Les mains de Kuma sont aussi fatales que des couteaux. Des membres s’affaissent et se réduisent en bouillie sur le sol immaculé de blanc sous les rugissements de la chose. Il est encore 7h15 quand Kuma s’éloigne de la créature inerte. Il ne reste que des amas de chair, un crâne explosé en mille morceaux et un vêtement familier. Ses facultés ne sont pas terrifiantes, contrairement à ce pur produit de folie humaine. Kuma se recule, soudainement horrifiée, et se précipite hors de sa chambre. Elle court pendant quelques minutes dans les couloirs déserts jusqu’à se calmer peu à peu.
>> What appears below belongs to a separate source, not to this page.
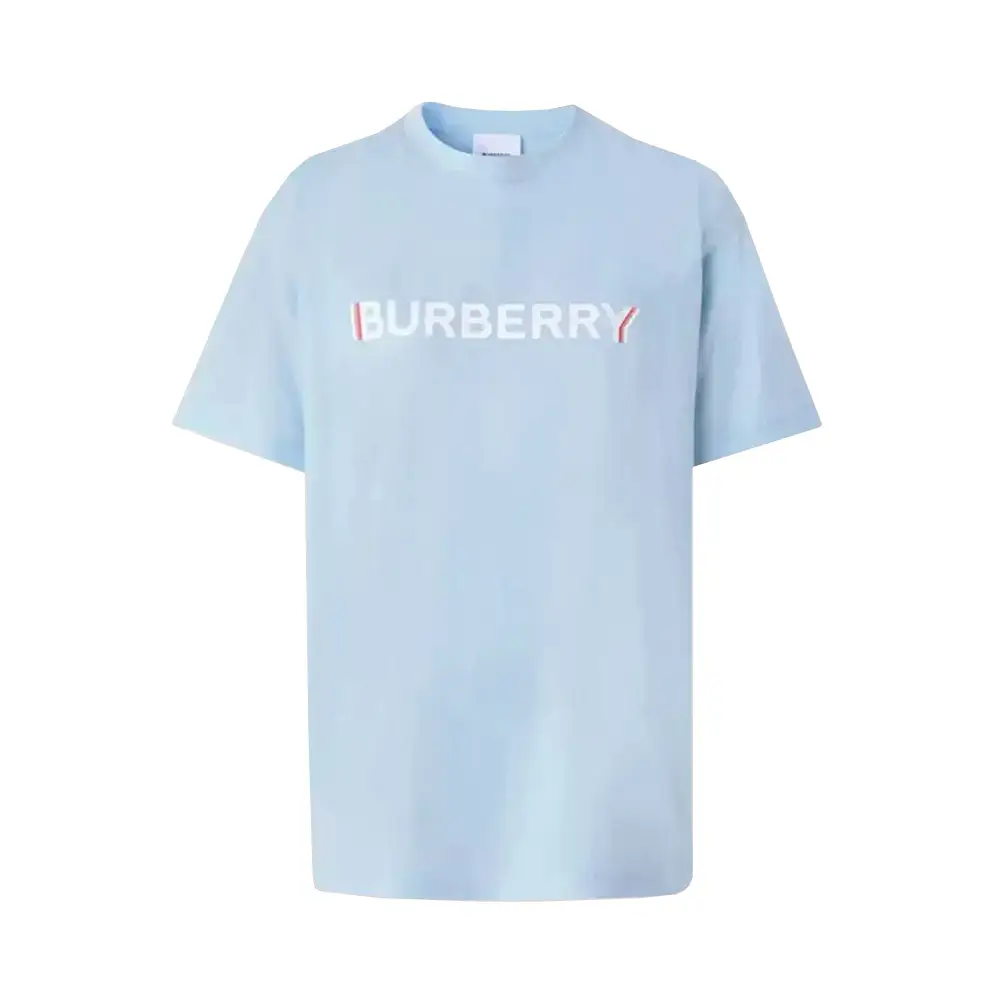 Burberry Logo Shadow Print T-Shirt Soft Blue Women – voilà.id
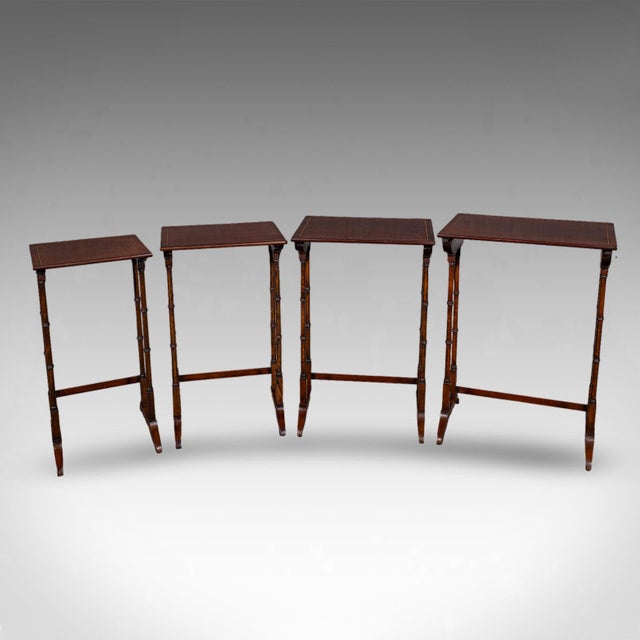 Antique Quartetto of Nesting Tables, English, Set of 4, Occasional, Edwardian For Sale - Image 6 of 12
Il faut un temps, de longues semaines, avant que l’Agence pénètre le Laboratoire V, complètement désert si ce n’est pour Kuma.
— Je n’aurais jamais dû ouvrir cette porte, a été la seule phrase écrite de Kuma à leur attention.
Le silence, dans le Laboratoire V, est une règle d’or. Ainsi les secrets sont bien gardés par les victimes de la folie humaine au sein de l’organisation.
Or, l’Agence n’a qu’une hâte : briser la pyramide d’horreur.
Kuma
Prénom mixte
Il signifie : ours, jeunesse, prince, être silencieux et être tranquille.